Department of Computer Science, Princeton University, Princeton, NJ, USA.
Lewis-Sigler Institute for Integrative Genomics, Princeton University, Princeton, NJ, USA.
Nat Commun. 2021 Mar 11;12(1):1609. doi: 10.1038/s41467-021-21727-x.

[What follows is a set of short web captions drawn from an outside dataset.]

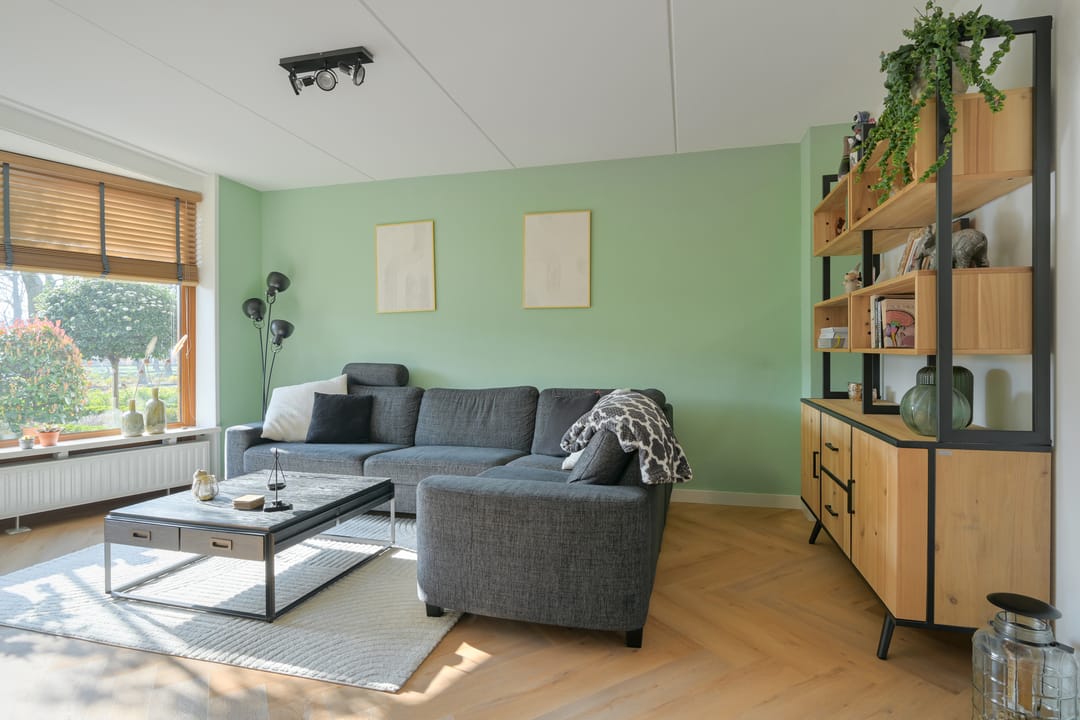 Photo 11 of Schoonhout 204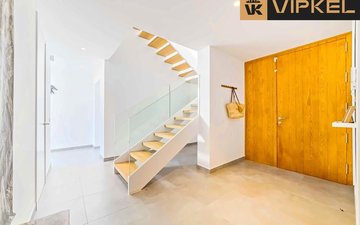 Property slide 14
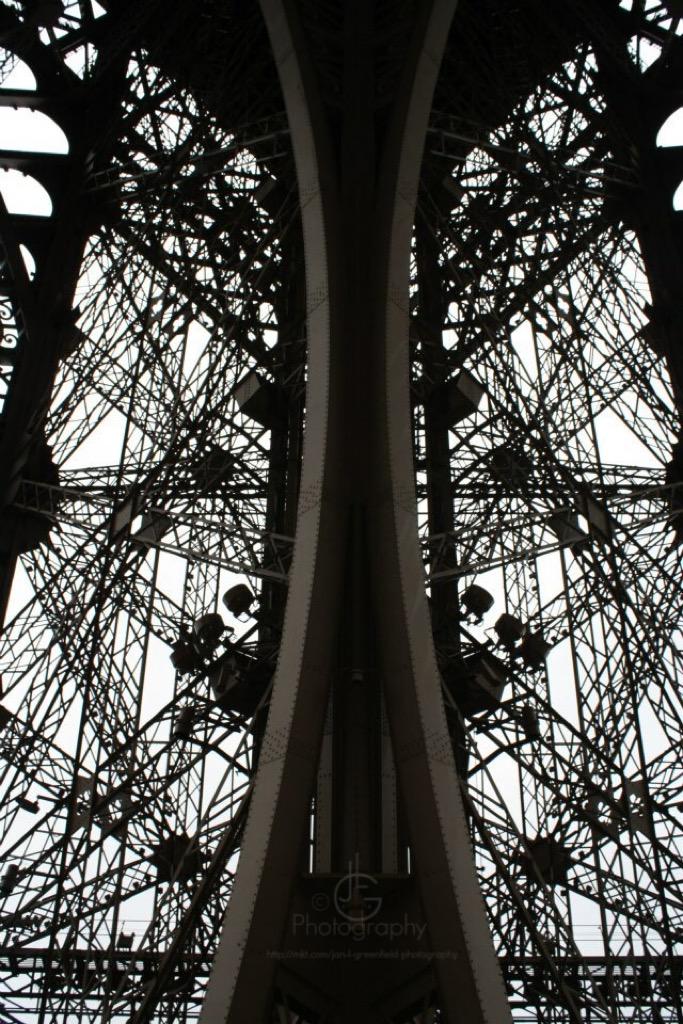 jlg_photography's tweet image. @jlg_photography @greenfield_jan  
#eiffeltower #paris #uniqueview
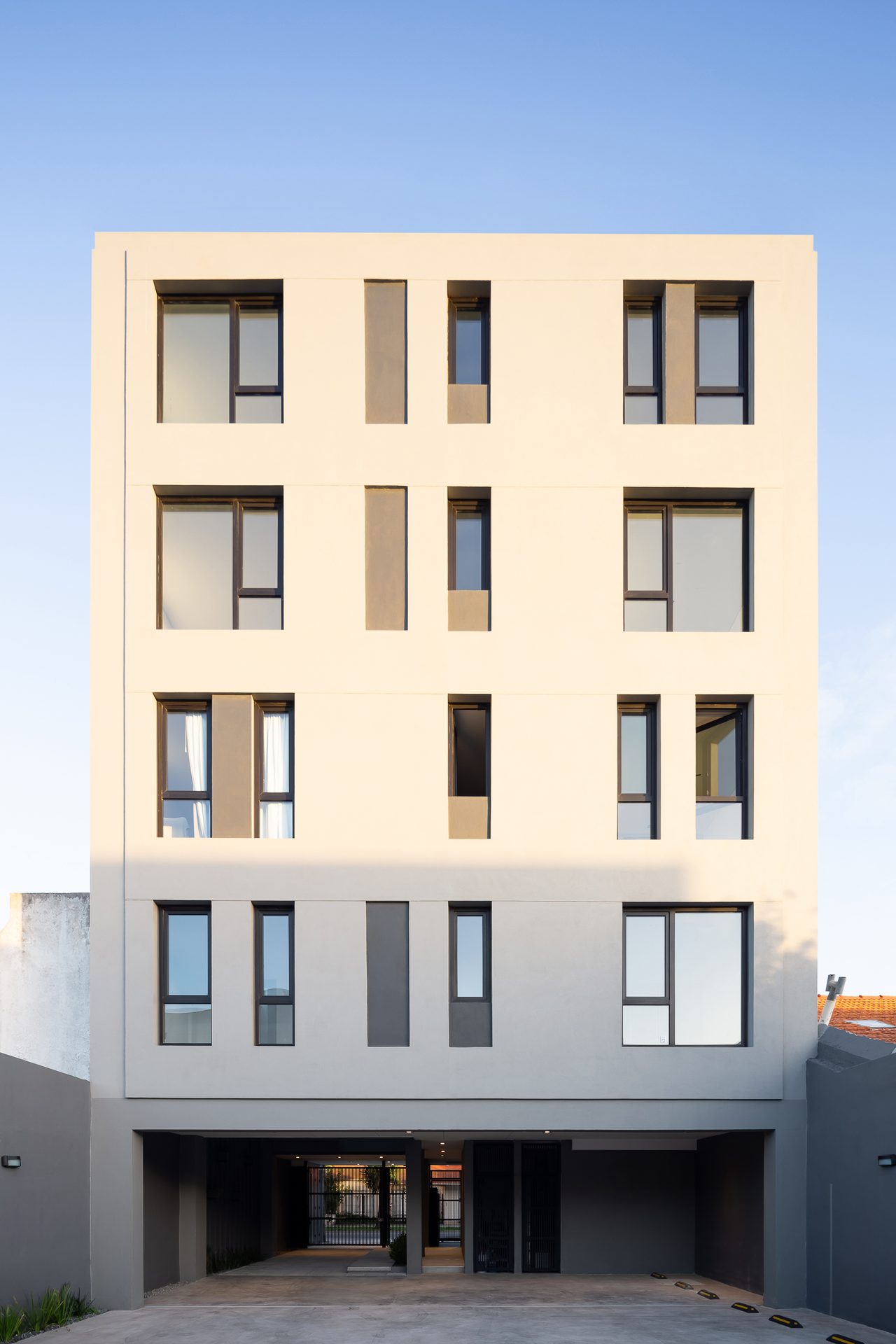 Driza Latitud · High-rise Building · Residential · Mar del Plata, Argentina — image 48 of 77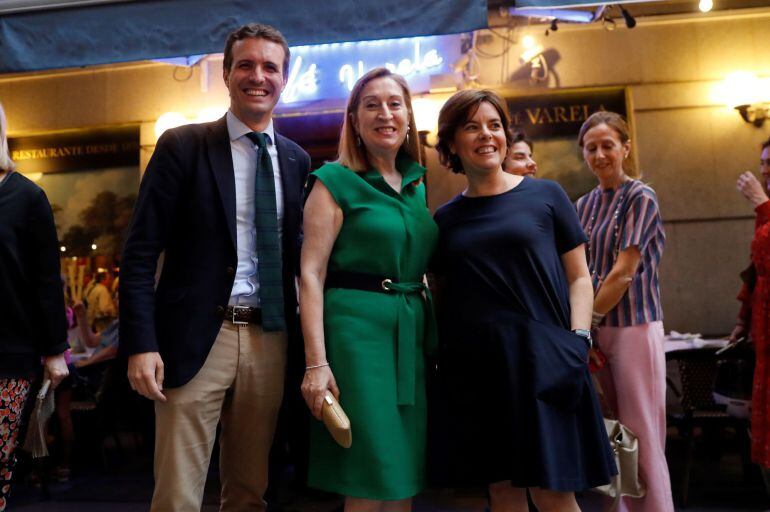 Ana Pastor, que presidirá el congreso extraodinario del PP, junto a los candidatos Pablo Casado y Soraya Sáenz de Santamaría.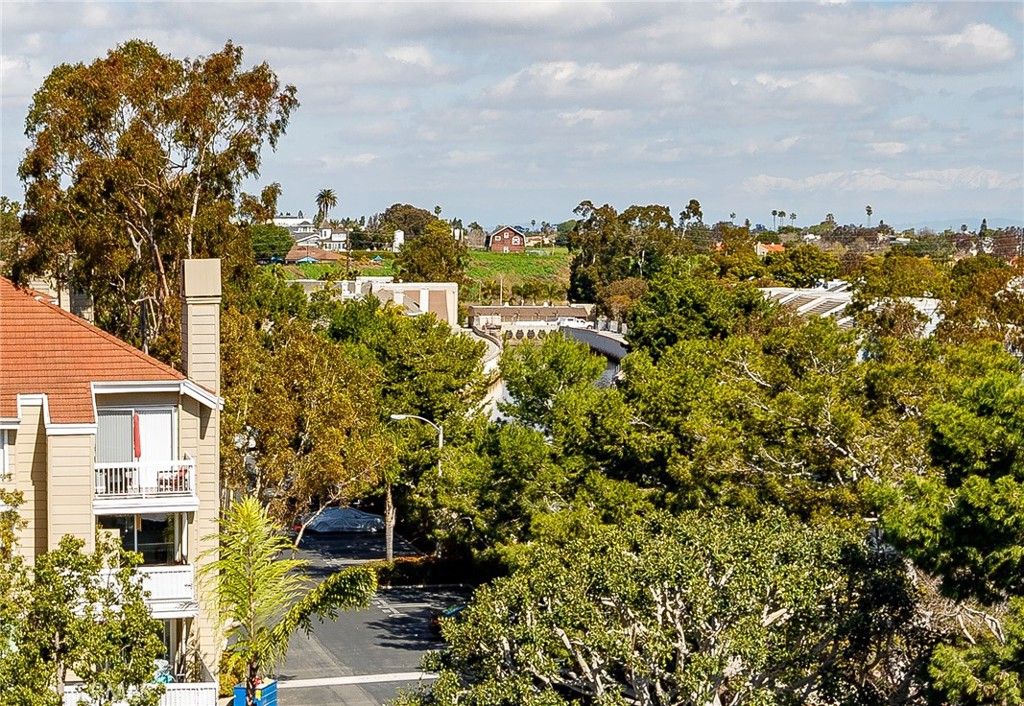 20331 Bluffside 411, Huntington Beach, CA 92646 — photo 5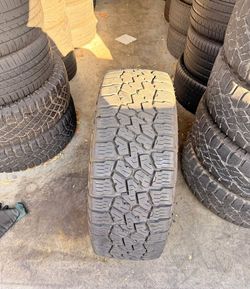 LT285/60R20 Falken Wildpeak AT3 Tire (1)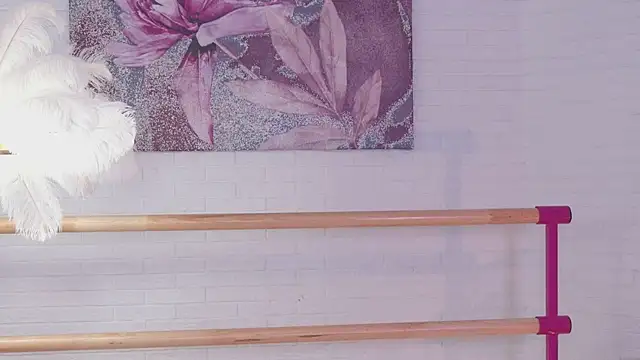 lylylovesyou online show from 02/23/25, 09:00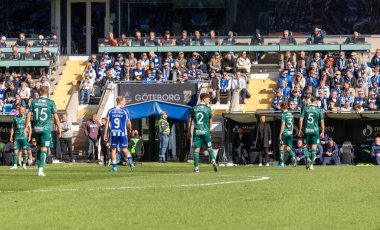 Göteborg, İsveç. 5 Nisan 2025. IFK Göteborg ve Halmstad BK arasında Gamla Ullevi 'de oynanan maçın ikinci yarısında. 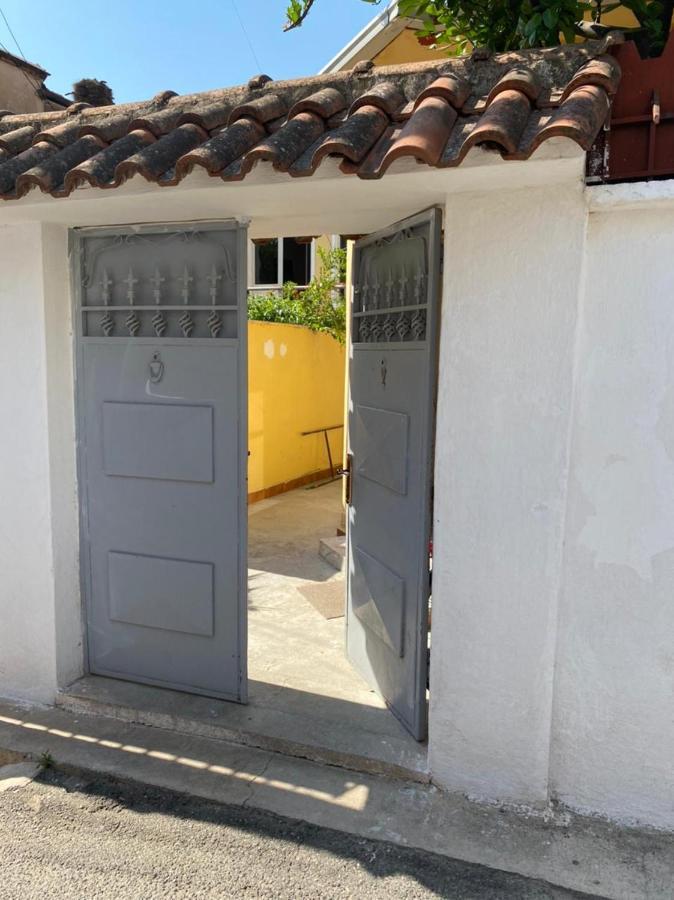 Tirana Traditional Home 外观 照片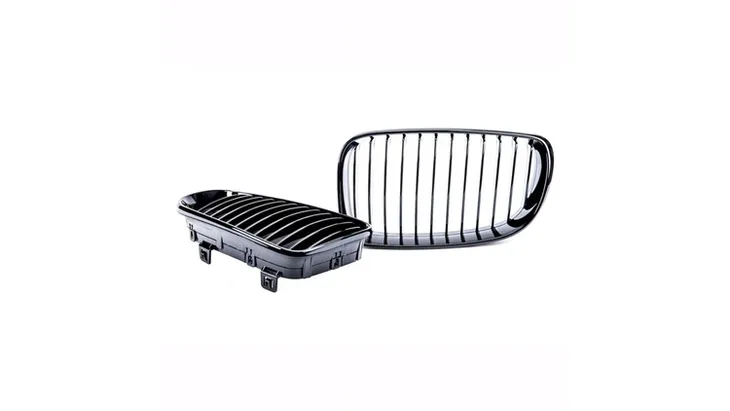 grill-bmw-1-e81-e82-e87-e88-facelift-pojedyncze-zeberka-gloss-black-jakosc-czesci-zgodnie-z-gvo-p-zamiennik-o-jakosci-porownywalnej-do-oryginalu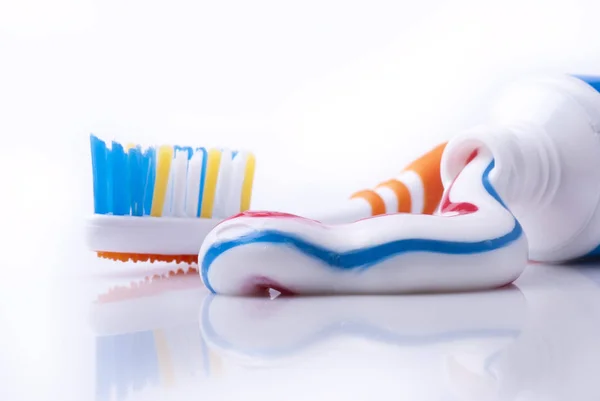 歯ブラシ、口腔衛生のための歯磨き粉 — ストック写真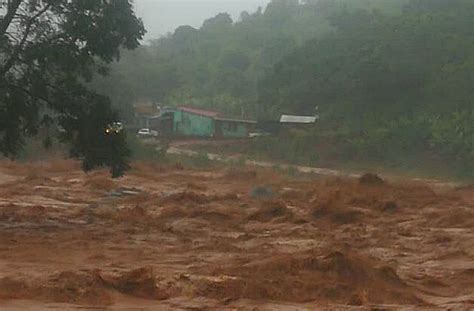 'Massive and HORRIFYING' Cyclone IDAI is feared to have killed more than a THOUSAND people in ...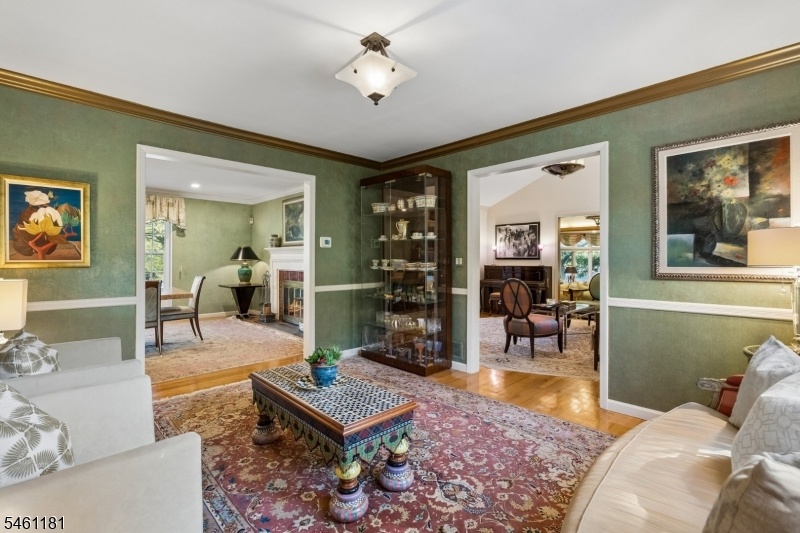 Sitting room off kitchen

Histopathological images are used to characterize complex phenotypes such as tumor stage. Our goal is to associate features of stained tissue images with high-dimensional genomic markers. We use convolutional autoencoders and sparse canonical correlation analysis (CCA) on paired histological images and bulk gene expression to identify subsets of genes whose expression levels in a tissue sample correlate with subsets of morphological features from the corresponding sample image. We apply our approach, ImageCCA, to two TCGA data sets, and find gene sets associated with the structure of the extracellular matrix and cell wall infrastructure, implicating uncharacterized genes in extracellular processes. We find sets of genes associated with specific cell types, including neuronal cells and cells of the immune system. We apply ImageCCA to the GTEx v6 data, and find image features that capture population variation in thyroid and in colon tissues associated with genetic variants (image morphology QTLs, or imQTLs), suggesting that genetic variation regulates population variation in tissue morphological traits.
组织病理学图像用于描述复杂的表型,如肿瘤分期。我们的目标是将染色组织图像的特征与高维基因组标记相关联。我们使用卷积自动编码器和稀疏典型相关分析(CCA)对配对的组织学图像和批量基因表达进行分析,以识别在组织样本中表达水平与相应样本图像的形态特征子集相关的基因子集。我们将我们的方法 ImageCCA 应用于两个 TCGA 数据集,并找到了与细胞外基质结构和细胞壁基础设施相关的基因集,提示细胞外过程中存在未被描述的基因。我们找到了与特定细胞类型相关的基因集,包括神经元细胞和免疫系统细胞。我们将 ImageCCA 应用于 GTEx v6 数据,并找到了可以捕获甲状腺和结肠组织中与遗传变异(图像形态学 QTL 或 imQTL)相关的种群变化的图像特征,这表明遗传变异调节组织形态特征的种群变化。